AGEL added 925 MW operational capacity in FY21 despite COVID-19 pandemic. This included 575MW greenfield addition of renewable assets, commissioning the plants five months ahead of scheduled time.
Overall company has ~3.5GW assets operational capacity.
According to management, Overall company’s disciplined yet transformational capital management will continue to ensure steady progress towards 25GW by 2025.Currently, capital employed for operational assets to the tune of Rs. 17,800 crore.
Company has sealed revolving project finance facility to the tune of $1.35mn i.e. ~Rs. 10,500 crore. It is Asia’s one of the largest project finance deals with participation of 12 international banks. As of FY21, debt for under-construction projects is ~Rs 2,400 crore.
Foreign currency borrowing is 100% hedged.
Achievement on ESG front like zero recordable injury in FY21, company’s largest plant of 648 MW at Kamuthi has turned water positive and single use plastic free.
Solar portfolio plant availability improved by 60bpsYoY to 99.5% and wind portfolio plant availability improved 540bps YoY to 95.1% in FY21.
Sale of energy up by 25% on YoY basis to 5482mn units on the back of capacity addition of 25MW.
Good performance in case of receivables.
Company’s all under construction projects are on track despite the second wave of COVID-19.
Out of the 8GW project from SECI with 2GW to be commissioned in FY22 – FY25 each.
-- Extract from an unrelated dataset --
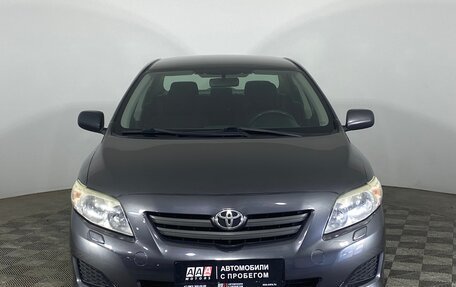 Toyota Corolla, 2008 год, 999 000 рублей, 2 фотография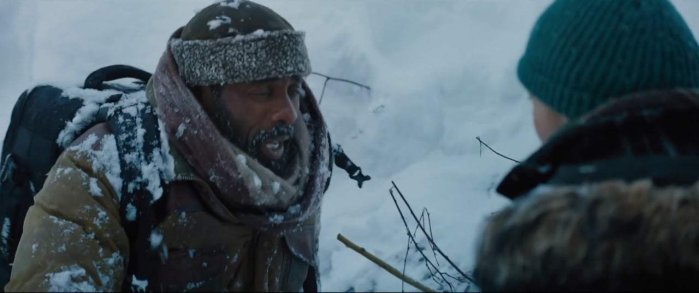 detail The Mountain Between Us - 4K Ultra HD Blu-ray + Blu-ray (2BD)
Company is ready with the deployment of 2GW capacity to be commissioned in FY22 and has tied up 50% of the capacity through various PPAs and is sure of the remaining 50% soon to be tied up in other PPA.
Company is planning to commission additional 2.5GW in FY22 and capex ~Rs. 15,000 crore. 1.6 GW is a hybrid project and other are SECI projects which are on track despite second wave of COVID-19.
Long strategic relationship with solar module manufacturers and does not see any challenges in project execution and delivery. Overall company has ~30,000 approved vendors.
Major tendering of projects from SECI and state DISCOMS majorly Andhra Pradesh DISCOM.
Company does not witness any price escalation wrt prices of solar modules.
Company expects to double the revenue and EBITDA from current levels and achiev above 30% CUF (Capacity utilisation factor) from incremental capacity addition. CUF = actual electricity output/Maximum possible output.
Solar CUF to rise ~210bps as compared to FY21 of 22.5%. Wind CUF to increase by ~800 bps to 26.8%.
Company expects to generate free cashflows ~Rs. 20,000 crore in FY22.
~Rs. 500 crore debt repayment due in FY22 and Rs. 741 crore in FY23.
Company is targeting EBITDA margins to increase by 150-200bps in FY22. It is also optimistic about the blended electricity rate above Rs. 2.5/ unit.